Upton was assigned as the investigating officer for the first use of force involving plaintiff and collected witness statements from the staff involved in the incident and Sears. Id. at ¶¶ 9, 19; pp.11-18. Sears admitted that he over reacted and stated that he assaulted Chavis because he was in fear for his life. Id. at ¶ 19; p. 18. Sears alleged to Upton that staff had threatened him, but could not name the staff who allegedly did so. Id. Upton ultimately determined that the use of force by correctional staff was minimal and justified, without malicious or sadistic intent, and no more force than necessary was used by staff to stop Sears' assault of Chavis. Id. at ¶ 20. Upton's findings were reviewed and approved by then Warden, Gerald Branker, as indicated by his initials on the incident report. Id. at ¶ 21.

ii. Second Use of Force Incident, 3:05 p.m., May 11, 2010

Later on May 11, 2010, at approximately 3:05 p.m., Sears was escorted from a medical appointment in the Central Prison Emergency Room back to his cell by Sergeant Richard Pickering and Officers William Elderdice, Jameal Jordon, and Vanessa Ritcher. O'Neal Aff., ¶ 10; pp. 9-12. Upon arriving at Sears' cell, the officers assisted him in removing his shoes, socks, pants, and boxer shorts. Id. at ¶ 13. Again, Sears had a standing physician's order for only a blanket or smock and mattress inside his cell. Id. at ¶¶ 11-12. Elderdice helped plaintiff get his shirt over his head and then down to his wrist. Id. at ¶ 13. Sears was handcuffed, thus, the shirt was hanging at his wrist. Id. Pickering ordered Sears to put his hands through the food passage door to his cell, which would put Sears' handcuffs and the shirt on the outside of the cell where Pickering could remove them. Id. at ¶ 14. Sears became agitated and demanded that the handcuffs be removed by staff inside his cell and refused Pickering's order. Id. Pickering again ordered Sears to put his hands out of the food passage door and Sears complied briefly until staff exited Sears' cell and Sears' cell door closed. Id. at ¶ 14. Sears then attempted to resist Pickering and pull his hands back into his cell. Id. Pickering then maintained control of the handcuffs and Elderdice applied the bent-wrist technique to Sears' left wrist and Jordon did the same to Sears' right wrist. Id. Ritcher then removed Sears' handcuffs and the shirt. Pickering secured Sears' food passage door and outer cell door and then reported the use of force. Id. at ¶ 17.

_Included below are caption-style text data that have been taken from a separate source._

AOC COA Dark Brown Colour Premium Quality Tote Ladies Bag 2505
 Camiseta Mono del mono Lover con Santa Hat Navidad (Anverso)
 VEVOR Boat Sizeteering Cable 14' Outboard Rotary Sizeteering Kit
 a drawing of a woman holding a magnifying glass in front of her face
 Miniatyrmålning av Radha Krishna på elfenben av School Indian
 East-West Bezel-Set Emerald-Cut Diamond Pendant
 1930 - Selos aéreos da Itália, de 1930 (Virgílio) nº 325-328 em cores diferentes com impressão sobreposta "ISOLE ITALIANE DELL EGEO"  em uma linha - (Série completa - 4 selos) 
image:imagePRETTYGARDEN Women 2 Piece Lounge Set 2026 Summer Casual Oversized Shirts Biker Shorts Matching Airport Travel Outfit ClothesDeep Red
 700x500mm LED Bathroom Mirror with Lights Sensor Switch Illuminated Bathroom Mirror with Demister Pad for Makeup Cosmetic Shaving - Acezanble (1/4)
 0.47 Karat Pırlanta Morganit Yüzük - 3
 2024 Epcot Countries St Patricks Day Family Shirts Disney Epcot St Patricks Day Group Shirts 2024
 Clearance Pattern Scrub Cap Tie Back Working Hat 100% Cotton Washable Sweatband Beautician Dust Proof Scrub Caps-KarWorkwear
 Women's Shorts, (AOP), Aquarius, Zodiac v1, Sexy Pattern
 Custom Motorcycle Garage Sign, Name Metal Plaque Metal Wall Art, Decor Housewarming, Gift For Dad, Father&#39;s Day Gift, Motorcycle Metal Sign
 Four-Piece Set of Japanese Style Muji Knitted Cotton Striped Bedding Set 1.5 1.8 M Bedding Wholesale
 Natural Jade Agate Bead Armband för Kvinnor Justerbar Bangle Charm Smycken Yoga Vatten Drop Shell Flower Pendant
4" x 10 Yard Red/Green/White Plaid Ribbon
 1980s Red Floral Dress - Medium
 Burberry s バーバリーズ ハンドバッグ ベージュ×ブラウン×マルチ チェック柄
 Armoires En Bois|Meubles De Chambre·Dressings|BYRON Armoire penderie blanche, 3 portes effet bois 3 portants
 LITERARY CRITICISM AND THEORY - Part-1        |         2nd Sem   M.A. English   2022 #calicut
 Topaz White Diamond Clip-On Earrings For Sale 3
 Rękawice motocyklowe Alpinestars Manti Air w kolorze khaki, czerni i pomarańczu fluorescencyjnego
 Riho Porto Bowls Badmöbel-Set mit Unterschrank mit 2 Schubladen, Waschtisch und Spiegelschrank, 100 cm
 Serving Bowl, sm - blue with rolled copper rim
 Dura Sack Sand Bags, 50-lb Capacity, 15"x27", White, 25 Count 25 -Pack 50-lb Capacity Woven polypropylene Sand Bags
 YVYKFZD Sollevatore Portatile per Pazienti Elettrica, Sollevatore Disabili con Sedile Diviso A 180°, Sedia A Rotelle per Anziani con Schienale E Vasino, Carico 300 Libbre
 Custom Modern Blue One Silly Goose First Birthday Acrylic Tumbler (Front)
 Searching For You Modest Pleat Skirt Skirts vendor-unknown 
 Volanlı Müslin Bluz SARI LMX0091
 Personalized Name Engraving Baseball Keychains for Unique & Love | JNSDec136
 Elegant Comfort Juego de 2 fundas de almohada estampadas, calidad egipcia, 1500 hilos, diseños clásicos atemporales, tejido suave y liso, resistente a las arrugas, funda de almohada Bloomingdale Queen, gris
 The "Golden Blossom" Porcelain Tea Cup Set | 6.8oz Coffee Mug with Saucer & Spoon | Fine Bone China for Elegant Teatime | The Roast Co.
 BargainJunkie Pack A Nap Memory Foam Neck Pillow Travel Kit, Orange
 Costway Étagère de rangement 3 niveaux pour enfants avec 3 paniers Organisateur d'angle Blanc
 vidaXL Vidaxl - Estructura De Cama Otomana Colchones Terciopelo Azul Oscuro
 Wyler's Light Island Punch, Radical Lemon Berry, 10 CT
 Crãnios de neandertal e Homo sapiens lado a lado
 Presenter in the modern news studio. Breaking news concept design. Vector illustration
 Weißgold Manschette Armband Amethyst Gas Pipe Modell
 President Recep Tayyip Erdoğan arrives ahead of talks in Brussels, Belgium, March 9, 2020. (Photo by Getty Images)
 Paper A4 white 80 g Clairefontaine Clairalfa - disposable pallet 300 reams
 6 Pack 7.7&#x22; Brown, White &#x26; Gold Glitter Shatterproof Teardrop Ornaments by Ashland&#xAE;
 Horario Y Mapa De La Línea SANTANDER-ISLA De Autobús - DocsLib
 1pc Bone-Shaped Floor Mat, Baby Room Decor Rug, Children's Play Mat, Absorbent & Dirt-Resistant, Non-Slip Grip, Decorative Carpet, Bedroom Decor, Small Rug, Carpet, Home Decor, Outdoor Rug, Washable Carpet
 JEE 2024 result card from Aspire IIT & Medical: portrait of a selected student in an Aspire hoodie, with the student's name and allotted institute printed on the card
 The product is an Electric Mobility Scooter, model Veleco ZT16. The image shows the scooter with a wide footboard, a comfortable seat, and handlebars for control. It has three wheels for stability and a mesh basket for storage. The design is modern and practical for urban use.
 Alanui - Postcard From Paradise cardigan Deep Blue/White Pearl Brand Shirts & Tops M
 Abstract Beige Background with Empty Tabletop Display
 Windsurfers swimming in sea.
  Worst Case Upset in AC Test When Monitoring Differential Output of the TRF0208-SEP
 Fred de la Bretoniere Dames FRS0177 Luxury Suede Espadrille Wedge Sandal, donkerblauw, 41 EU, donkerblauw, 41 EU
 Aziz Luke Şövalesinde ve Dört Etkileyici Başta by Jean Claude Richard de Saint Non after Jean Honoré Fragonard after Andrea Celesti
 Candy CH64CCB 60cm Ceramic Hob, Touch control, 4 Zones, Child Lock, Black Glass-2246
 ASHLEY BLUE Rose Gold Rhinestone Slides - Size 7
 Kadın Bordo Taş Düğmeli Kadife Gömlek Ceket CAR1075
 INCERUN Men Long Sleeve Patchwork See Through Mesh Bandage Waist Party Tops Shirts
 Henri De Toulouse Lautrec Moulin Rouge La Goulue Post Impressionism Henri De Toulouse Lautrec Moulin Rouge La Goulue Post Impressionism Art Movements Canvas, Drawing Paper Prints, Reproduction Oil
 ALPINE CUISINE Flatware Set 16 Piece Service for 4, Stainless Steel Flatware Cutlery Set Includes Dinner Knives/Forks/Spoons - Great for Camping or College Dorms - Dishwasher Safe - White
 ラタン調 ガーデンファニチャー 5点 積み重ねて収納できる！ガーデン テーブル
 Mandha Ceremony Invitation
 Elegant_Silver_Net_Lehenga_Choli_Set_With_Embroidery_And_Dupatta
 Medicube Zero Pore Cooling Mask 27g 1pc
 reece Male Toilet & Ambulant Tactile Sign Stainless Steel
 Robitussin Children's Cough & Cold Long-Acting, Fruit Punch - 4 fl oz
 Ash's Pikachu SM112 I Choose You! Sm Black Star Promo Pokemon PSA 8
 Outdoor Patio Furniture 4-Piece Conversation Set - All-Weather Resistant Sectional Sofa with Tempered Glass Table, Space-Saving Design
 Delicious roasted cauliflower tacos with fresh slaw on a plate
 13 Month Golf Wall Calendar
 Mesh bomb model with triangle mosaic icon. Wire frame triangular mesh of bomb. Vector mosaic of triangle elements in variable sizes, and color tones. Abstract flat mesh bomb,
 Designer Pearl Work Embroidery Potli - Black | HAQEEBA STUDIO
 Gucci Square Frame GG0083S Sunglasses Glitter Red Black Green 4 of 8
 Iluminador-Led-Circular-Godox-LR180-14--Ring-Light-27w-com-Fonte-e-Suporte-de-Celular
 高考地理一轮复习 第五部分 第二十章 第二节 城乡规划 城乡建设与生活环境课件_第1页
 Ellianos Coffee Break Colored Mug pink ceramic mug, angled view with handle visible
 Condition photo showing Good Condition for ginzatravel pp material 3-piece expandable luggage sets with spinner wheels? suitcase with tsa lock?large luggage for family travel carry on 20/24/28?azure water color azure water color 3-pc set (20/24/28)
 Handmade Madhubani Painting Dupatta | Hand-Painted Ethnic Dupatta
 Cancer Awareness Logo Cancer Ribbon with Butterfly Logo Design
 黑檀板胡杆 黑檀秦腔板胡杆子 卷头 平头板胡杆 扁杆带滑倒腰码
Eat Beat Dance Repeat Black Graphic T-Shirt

The bent-wrist technique is a NCDPS' approved technique which is employed in order to gain compliance from handcuffed inmates who are resisting officers. Id. at ¶ 16.

Medical staff, Nurse Laura Brown, assessed Sears in his cell for any injury following the use of force. Id. at ¶ 18; p. 14. Brown noted that Sears had bruising, some swelling in his wrists, and abrasions, but determined that the injuries most likely occurred during the earlier use of force and that Sears did not receive additional injury during the second use of force. Id. The use of force was not video recorded because the incident was not an anticipated use of force. Id. at ¶ 19.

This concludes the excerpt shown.